原題連結

Given a string S, we can transform every letter individually to be lowercase or uppercase to create another string.  Return a list of all possible strings we could create.

Examples:
Input: S = "a1b2"
Output: ["a1b2", "a1B2", "A1b2", "A1B2"]

Input: S = "3z4"
Output: ["3z4", "3Z4"]

Input: S = "12345"
Output: ["12345"]
Note:

S will be a string with length at most 12.
S will consist only of letters or digits.

 

分析：每個字母可大寫可小寫，用0，1代表該字母的大小寫的狀態，1為大寫。

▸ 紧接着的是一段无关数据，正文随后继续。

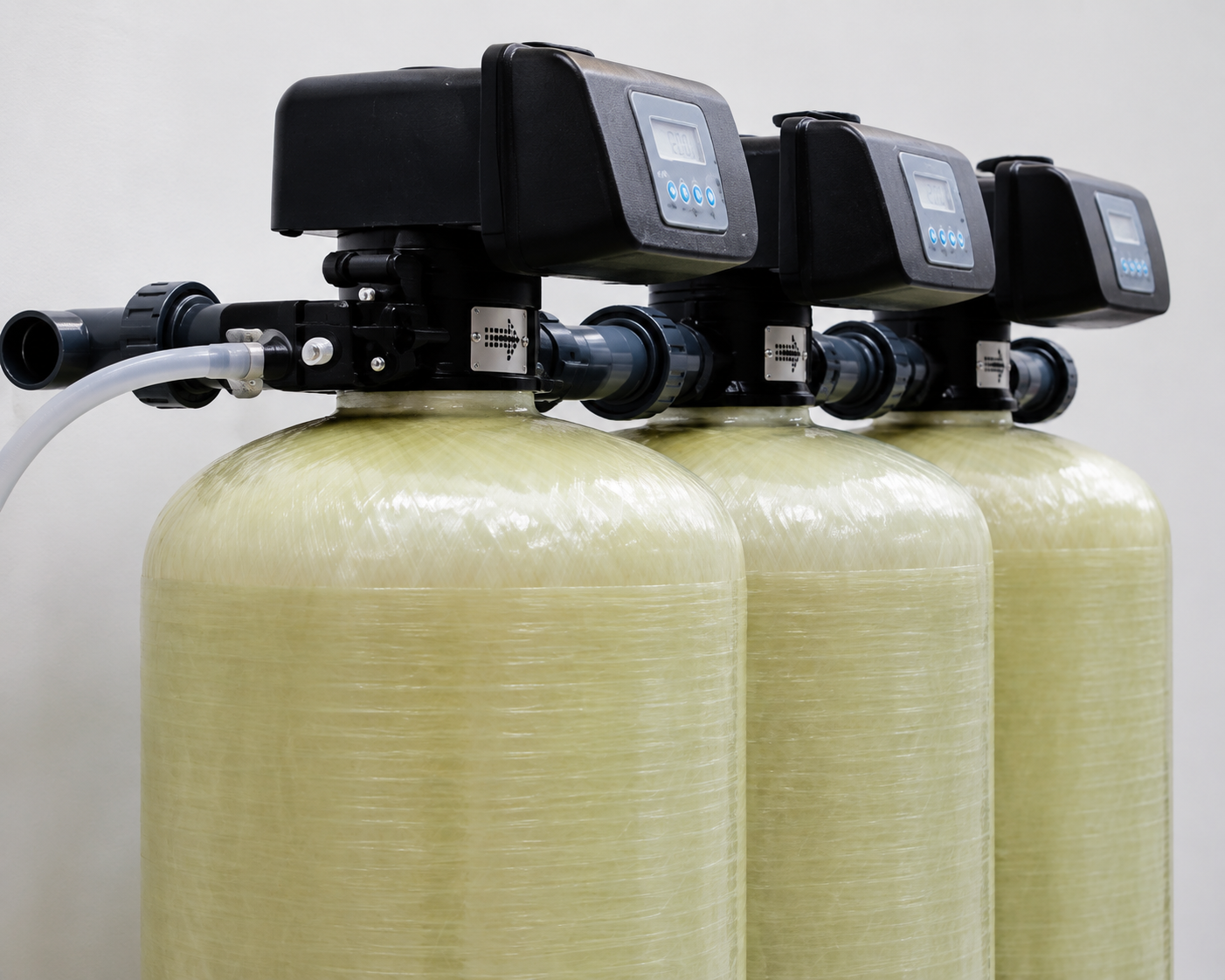 Fully Automatic Water Softener Systems Effective Water Softening With Intelligent Control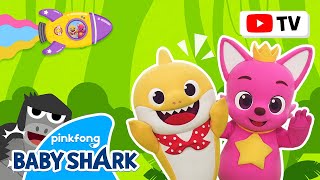 What's Happening In The Jungle? | Baby Shark's Adventure | New Series In 4K | Baby Shark Official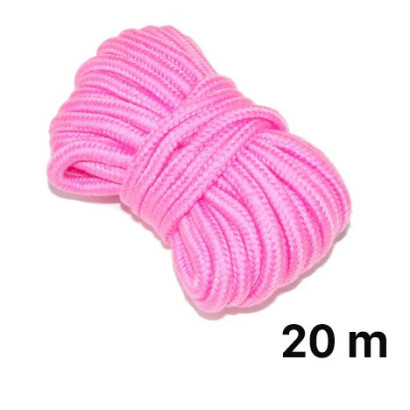 5m/10m/20m Soft Cotton Rope Female Adult Sex Products Slaves Bdsm Bondage Adult Games Binding Rope Role-playing Sex Toy - Bondag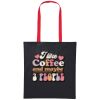 Varsity cotton shopper long handle Thumbnail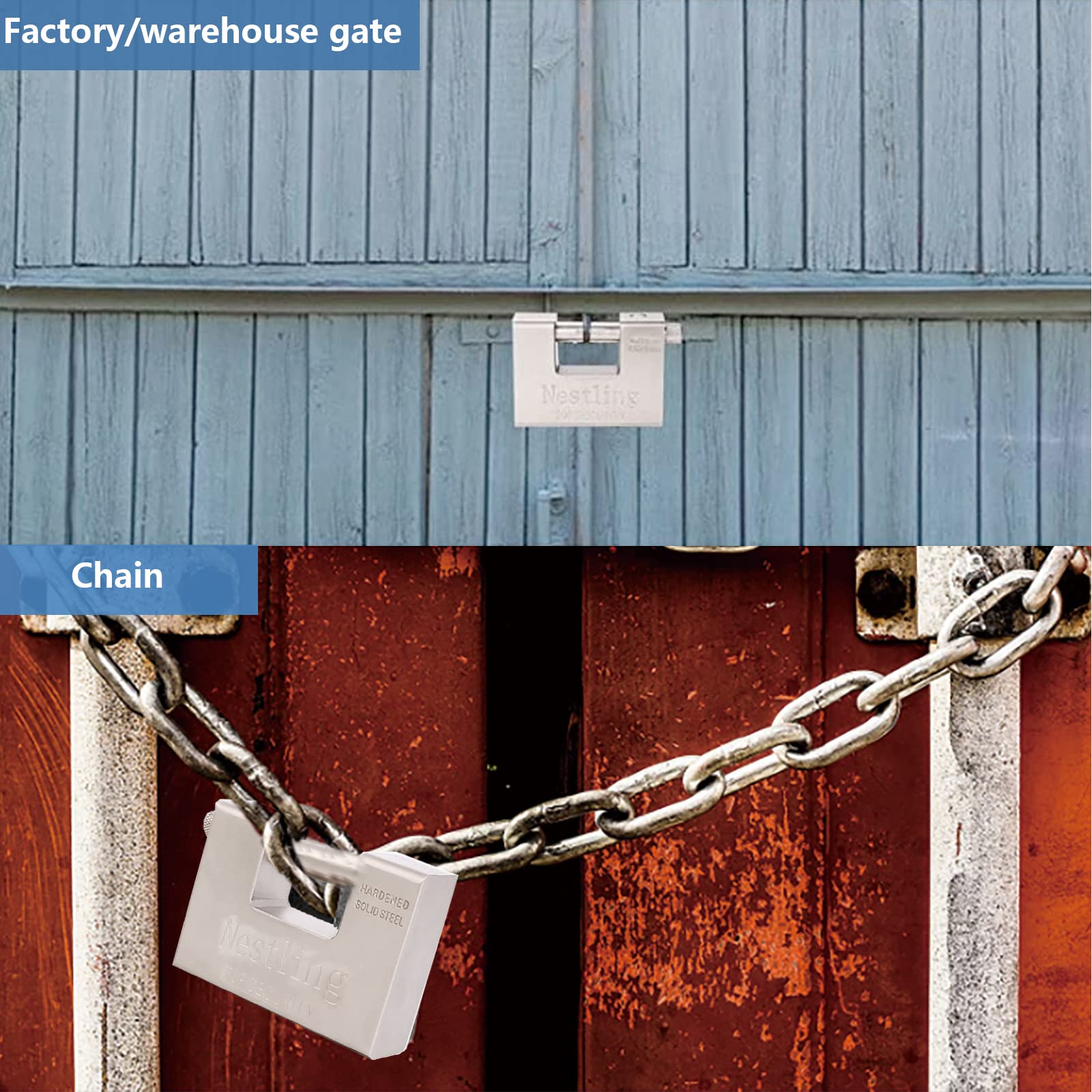 94mm Padlock with Key Heavy Du - Letter Opener Brass recensie en prijs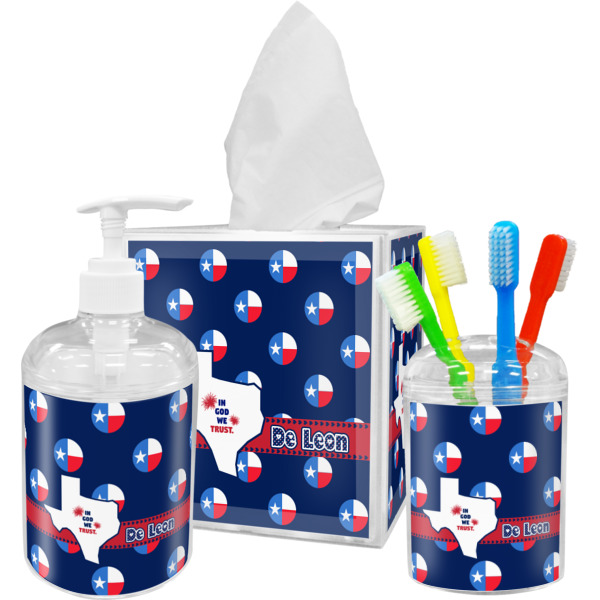 Custom Design - Bathroom Accessories Set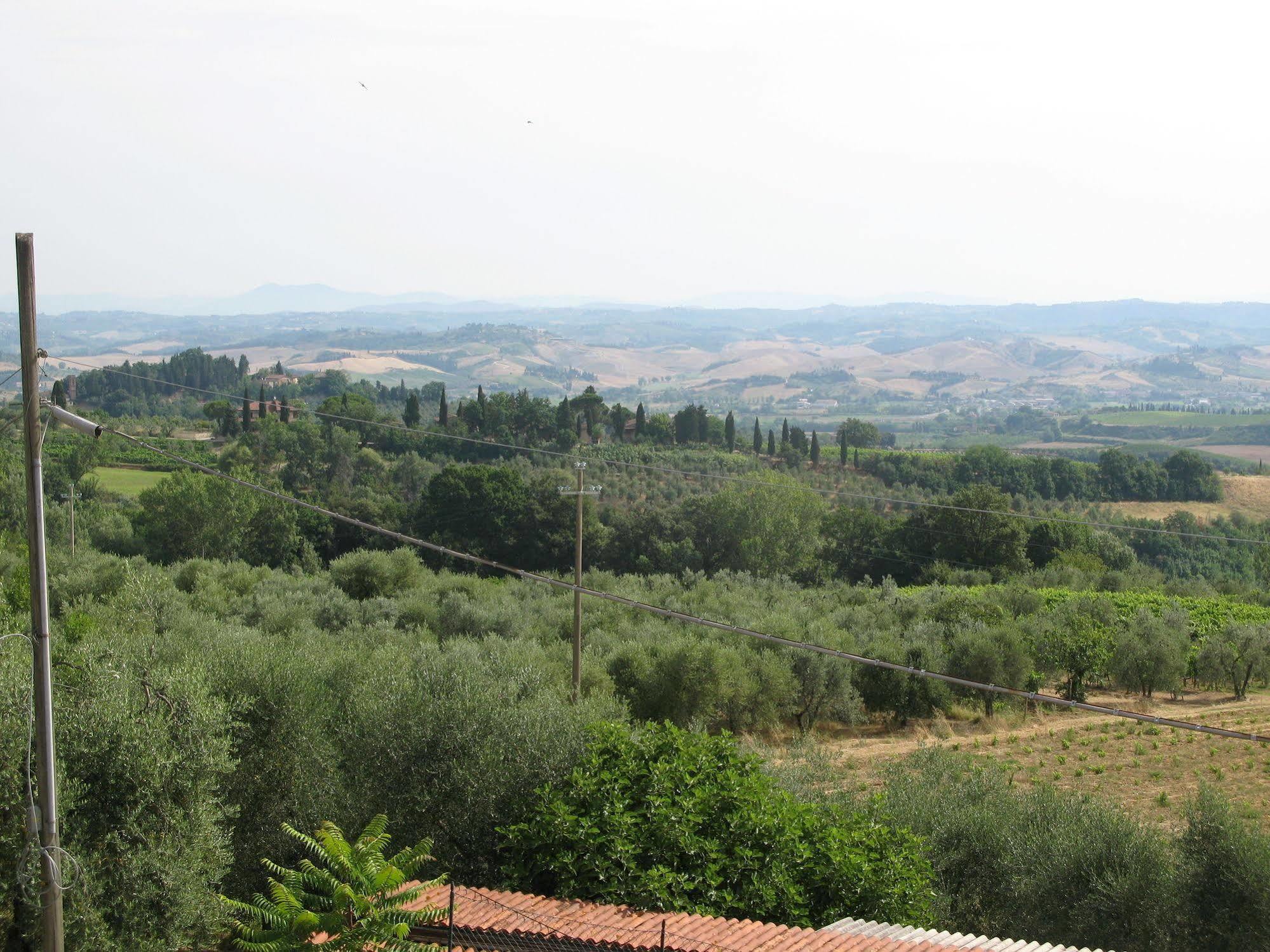 Agriturismo Renai E Monte Gambassi Terme Exterior photo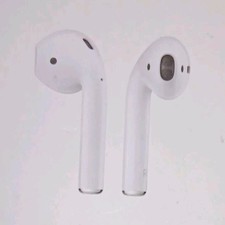 Apple AirPods Wireless Bluetooth Earbuds Built-In Mic with Charging Case - White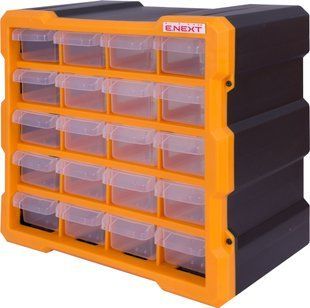 Органайзер пластиковий, e.toolbox.pro.17, 14" 270x200x50мм E.NEXT (t011017) t011017 фото
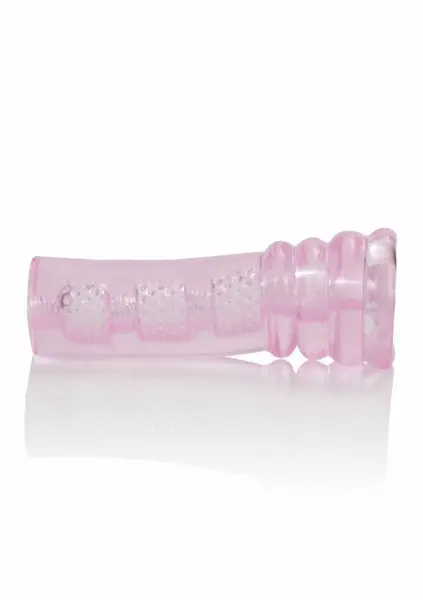 Sue Johanson Super Head Honcho Intimate Machine 16.5cm Transparent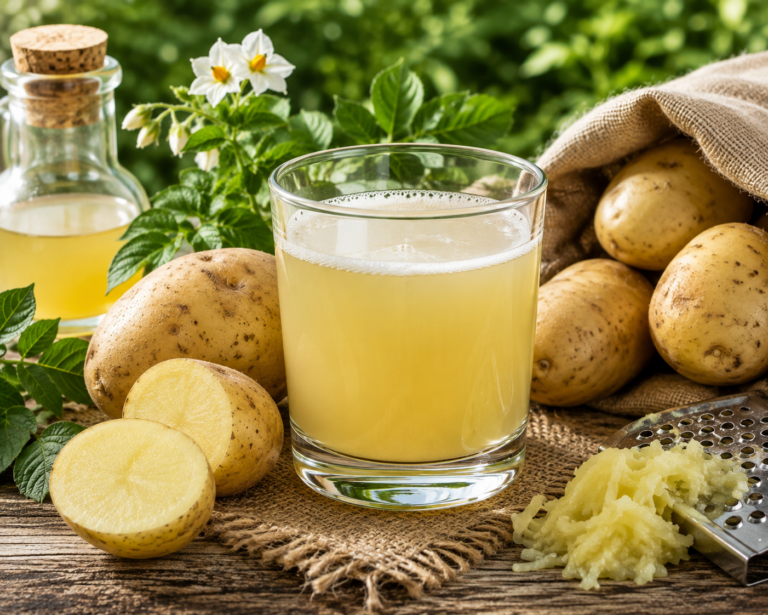 Kartoffelsaft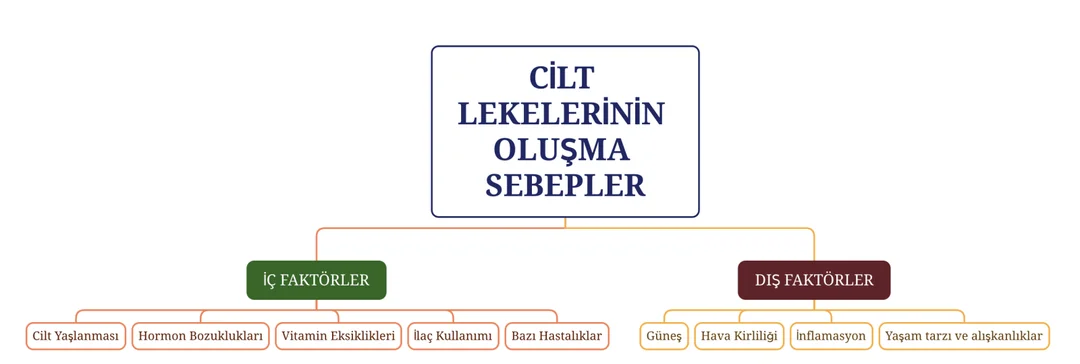 Cilt Lekelerinin Oluşma Nedenleri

若字串為a1b2，包含兩個字母，則兩個字母所有的狀態組合為{00，01，10，11}，將列舉狀態看作二進位制數，則化為十進位制為{0，1，2，3}，這樣問題就能很好地被解決了。

#include<iostream>
#include<vector>
#include<string>
#include<bitset>
#include<math.h>
using namespace std;

vector<string> letterCasePermutation(string& s)
{
   vector<string> ans;
   vector<int> letterPos;
   
   int mark = 1,size = s.size();
   if(size == 0 ) return ans;

   for(int i = 0; i < size; i++)
   {
       if(isalpha(s[i]))
       {
           s[i] = tolower(s[i]);
           mark *= 2;
           letterPos.push_back(i);
       }
   }

   for(int i = 0; i < mark; i++)
   {
       int t = i;
       string ts = s;
       for(int j = 0;j < letterPos.size(); j++)
       {
           //cout << t << " " << j << " " << (t >> j) % 2 << endl;
           if((t >> j) % 2 == 1) 
           {
               ts[letterPos[letterPos.size() - 1 - j]] = toupper(s[letterPos[letterPos.size() - 1 - j]]);
           }
           //ts[letterPos[j]] = (t >> j) % 2 == 1 ? toupper(s[letterPos[j]]) : s[letterPos[j]];
       }
       cout << ts << endl;
       ans.push_back(ts);

   }

   return ans;
}
int main()
{
   string s;
   s = "a1b2";
   vector<string> ans = letterCasePermutation(s);
   //for(int i = 0;i < ans.size(); i++)  cout << ans[i] << endl;
}